▸ **Available data**:
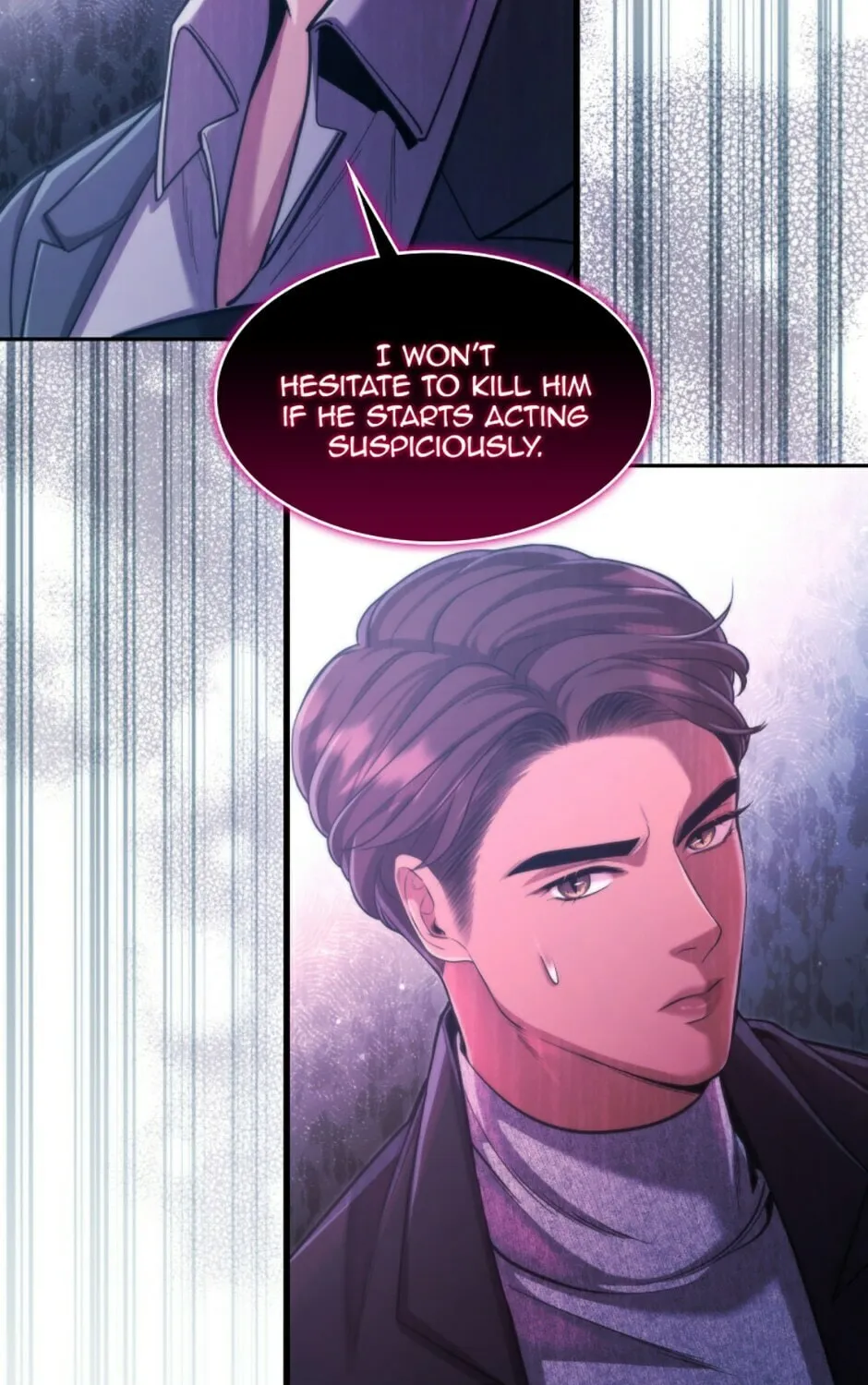 Read Blood Hotel chapter 55 image 30 on Lezhin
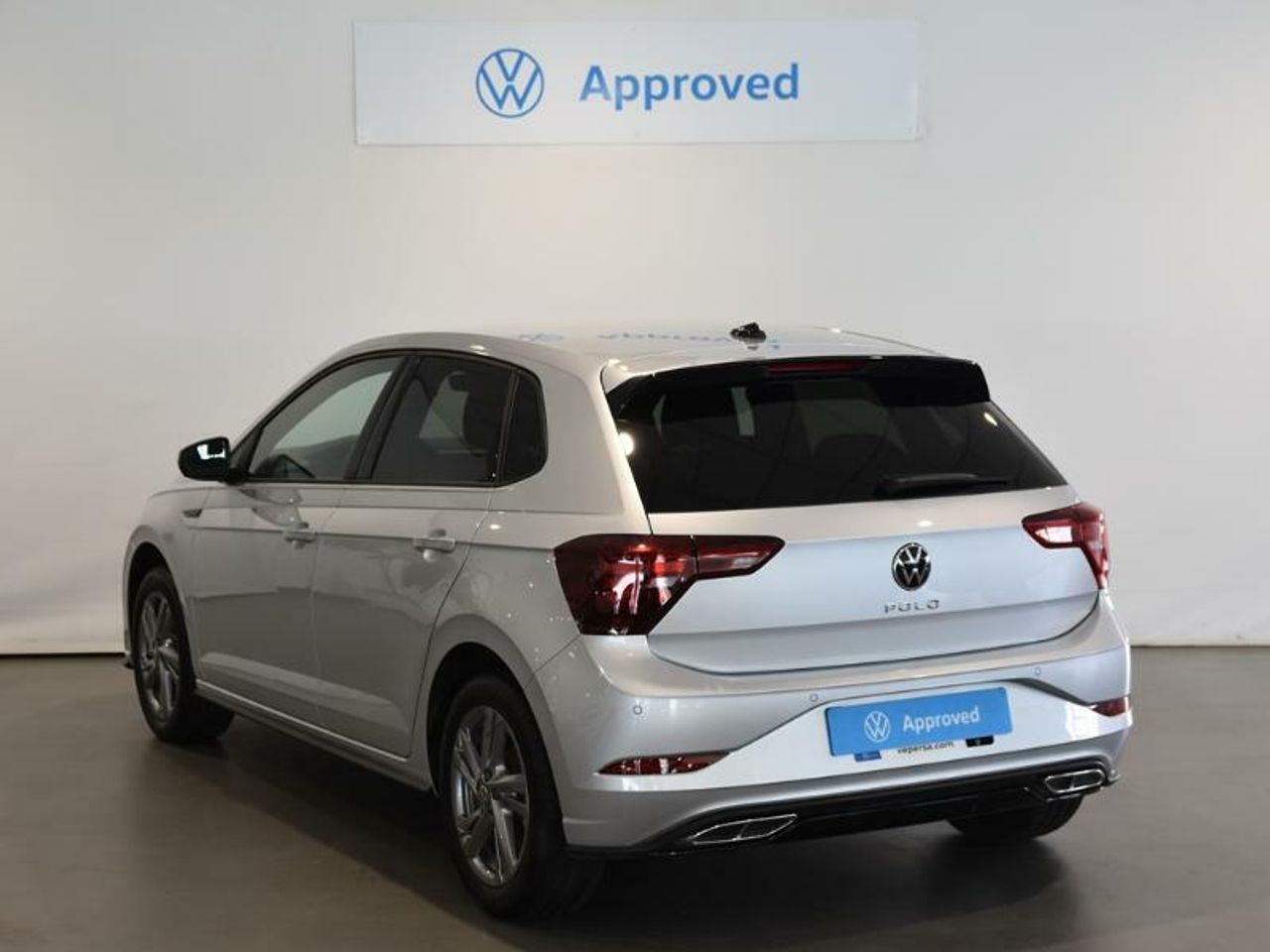 volkswagen polo 2024 / foto grande (2)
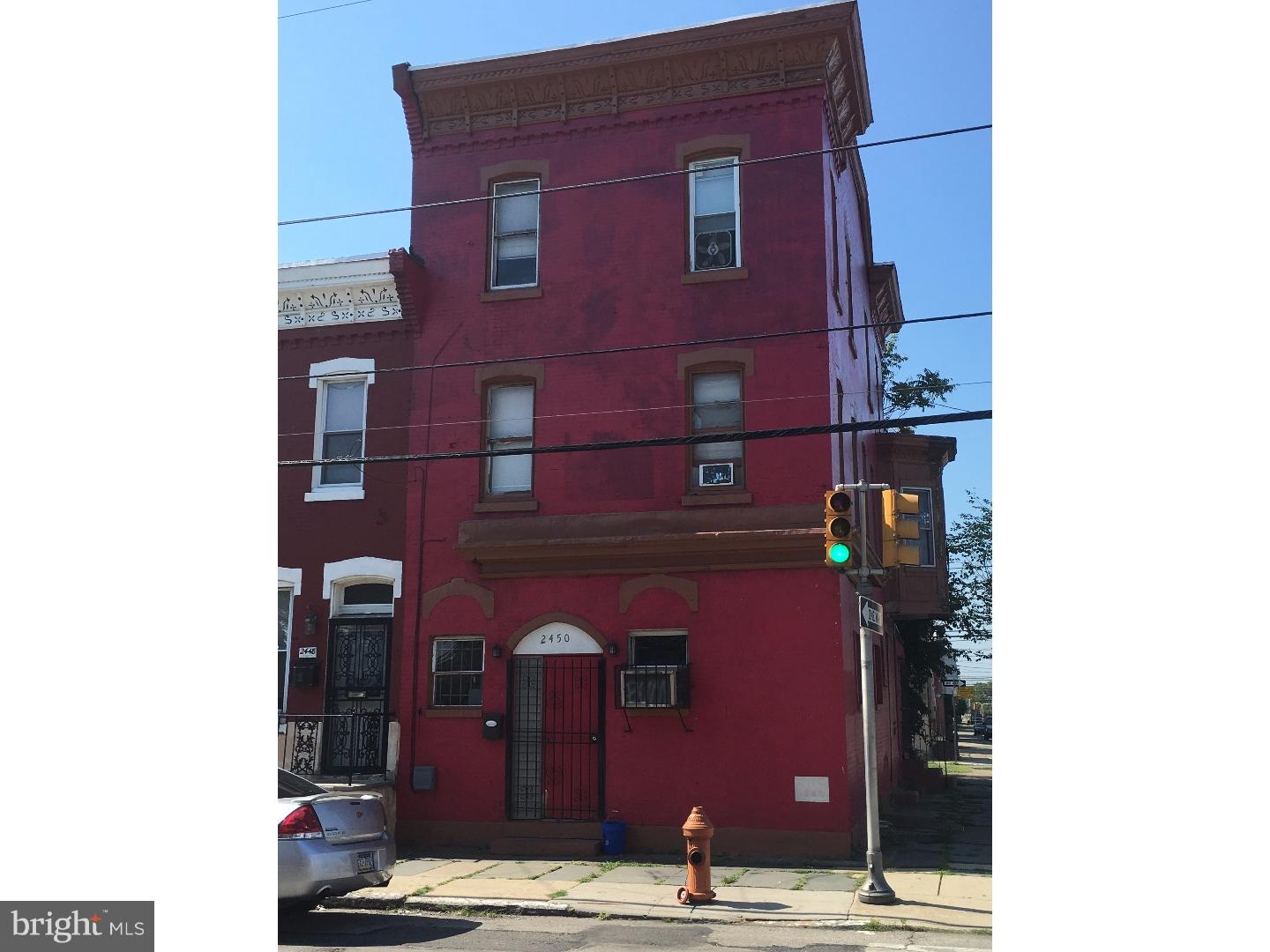 BREWERYTOWN - Commercial Sale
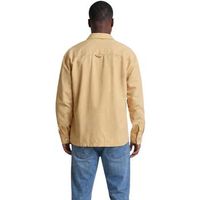 tommy hilfiger camisa manga larga dm0dm20236 para hombre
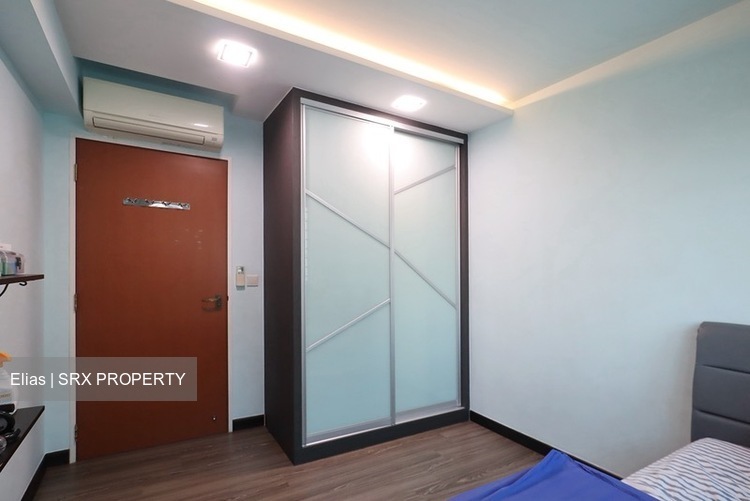 Blk 256B Punggol Opal (Punggol), HDB 4 Rooms #586570591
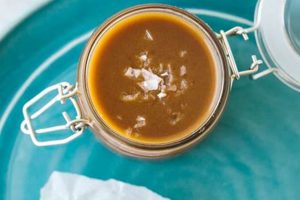 Easy Vegan Caramel Sauce (No Coconut!) Recipe Discover Delicious Vegan Food, Beauty Swaps, and Zero-Waste Tips for a Greener Life Easy Vegan Caramel Sauce (No Coconut!) Recipe | Discover Delicious Vegan Food, Beauty Swaps, and Zero-Waste Tips for a Greener Life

▸ **What to produce**:
A word-for-word copy of all the records above is required, with the pictures left out.

▸ **Exercise solution**:
 Read Blood Hotel chapter 55 image 30 on Lezhin
 volkswagen polo 2024 / foto grande (2)
 BREWERYTOWN - Commercial Sale
 tommy hilfiger camisa manga larga dm0dm20236 para hombre
 Blk 256B Punggol Opal (Punggol), HDB 4 Rooms #586570591
 Easy Vegan Caramel Sauce (No Coconut!) Recipe Discover Delicious Vegan Food, Beauty Swaps, and Zero-Waste Tips for a Greener Life Easy Vegan Caramel Sauce (No Coconut!) Recipe | Discover Delicious Vegan Food, Beauty Swaps, and Zero-Waste Tips for a Greener Life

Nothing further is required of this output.